There is an undeniable link between culture, strategy and a company’s results. A strong and aligned culture has been proven to supercharge a company’s competitive advantage and in turn increase sales, customer satisfaction, profits and reducing employee turnover.
At the same time, a poor or misaligned culture can be catastrophic for a company. Many of the recent corporate disasters can be traced back to its culture which enabled, perhaps even supercharged, the very act or acts that brought about devastating results for the company, its customers, its employees and owners.
As Andersen alumni, we know this all too well. A strong culture is the very glue that holds this alumni association together, almost 16 years after the demise of our firm. That culture catapulted the firm to the pinnacle of the professional service industry. The ingrained culture to serve our clients was the cornerstone of the firm. However, we know that a misapplication of this very culture can be catastrophic.

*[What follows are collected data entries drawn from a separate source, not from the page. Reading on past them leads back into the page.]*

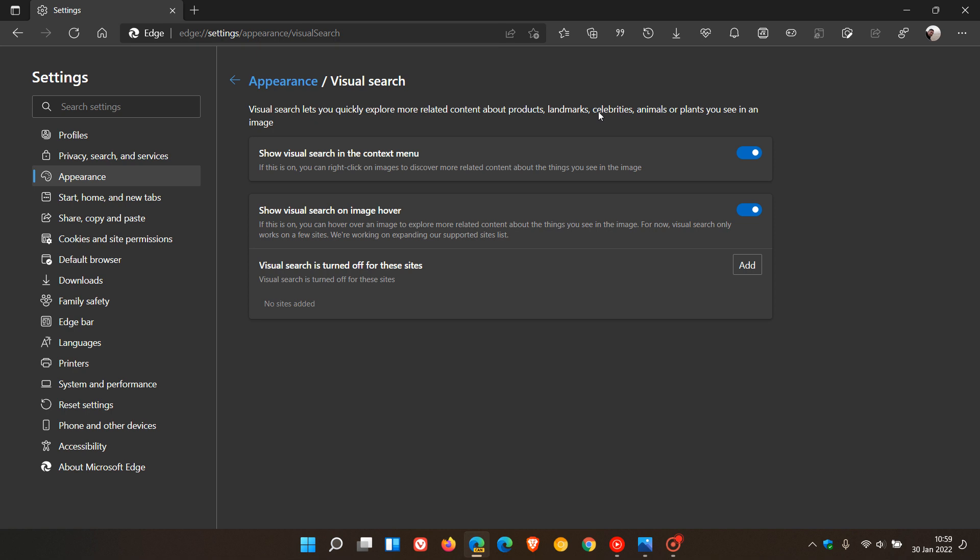The feature is toggled on by default, so if you don't want to use it, you can just toggle the switches off. You get two new features: Show Visual Search in the Context menu and Show Visual Search on Image Hover. That's in the right-click context menu and when you hover over an image.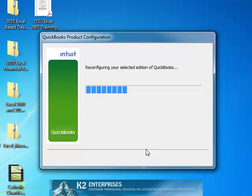And now QuickBooks begins the process of closing the current data file and reopening it in the edition of QuickBooks you selected using the Toggle feature.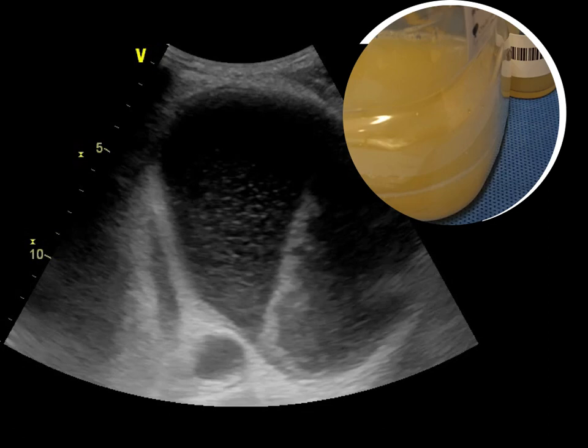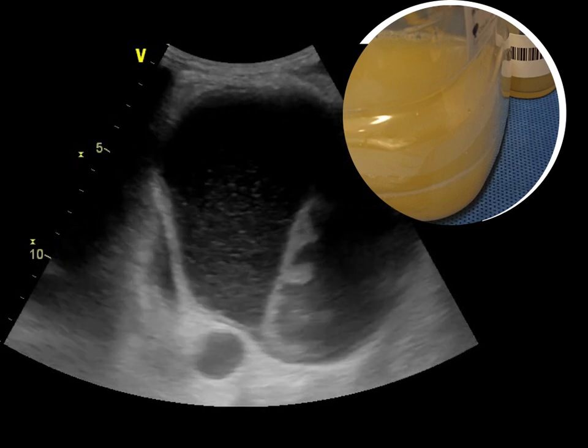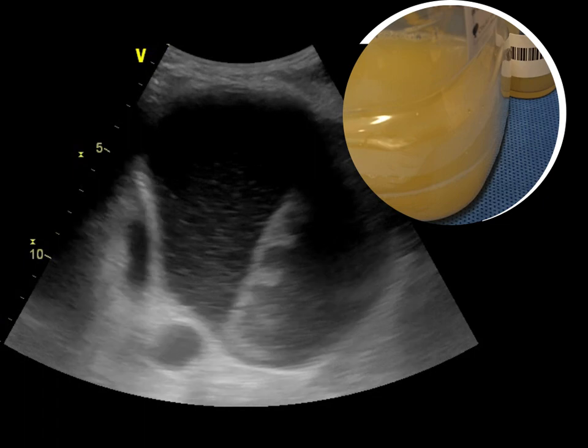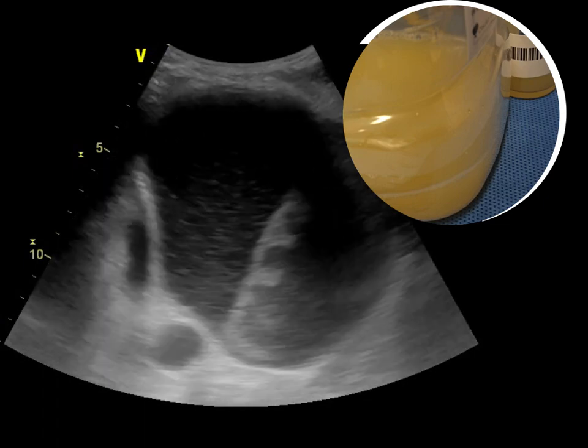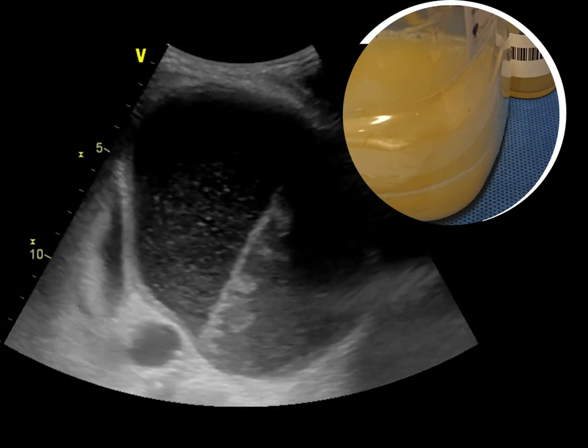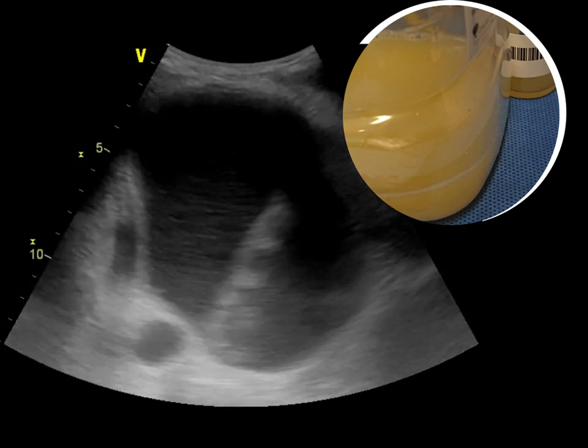This is a short video on how you can identify empyema thoracis from bedside ultrasound. What we normally see is hypoechoic fluid, but as you can see here, there is a little bit of inhomogeneous appearance in a patient who has an abscess.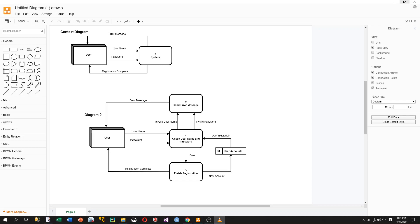In this session, I'm going to show how to draw a data flow diagram in diagrams.net. We are going to draw a context diagram and a level 0 diagram to describe information flows between the user and the system when a user registers a new account.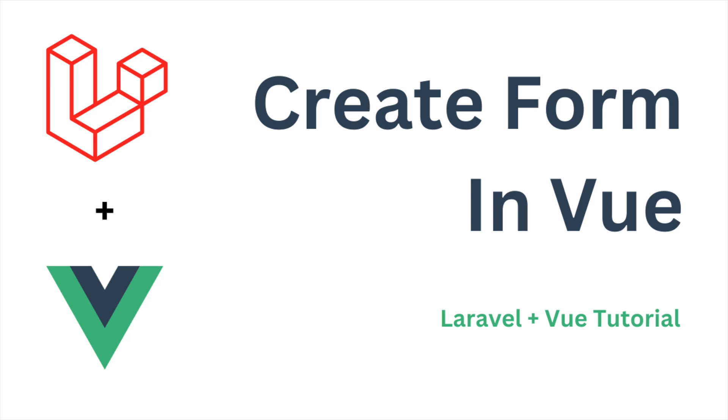Hello everyone and welcome back to my channel. I hope you're doing good. Today I'm going to show you how you can create a form in Vue. In my previous video, I've shown you event handling and input binding, so both concepts we'll be using while creating this form. Let's get started with today's video.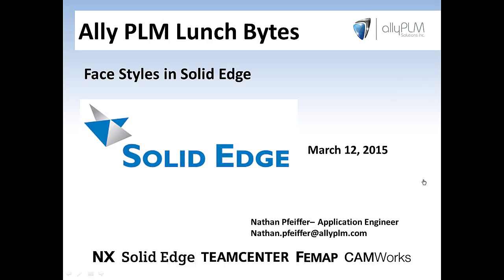Welcome to Ally PLM's Lunch Bytes, the Solid Edge series. I'm Nathan Pfeiffer, an application engineer at Ally PLM.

I have been blessed to work for a number of companies that viewed culture as one of their most valuable assets. In addition, when my own values aligned with the companies’ values and culture, this truly provided the optimum work environment for me both personally and professionally.
The National Association of Corporate Directors (NACD) recently published a series of articles on “Reconstructing the Board’s Role in Culture”. The NACD established a blue-ribbon commission to explore this topic. I encourage you to read these studies. It is applicable as a board member and as a member of management. Every company has a culture. The question is: is it the one I want or the one I have?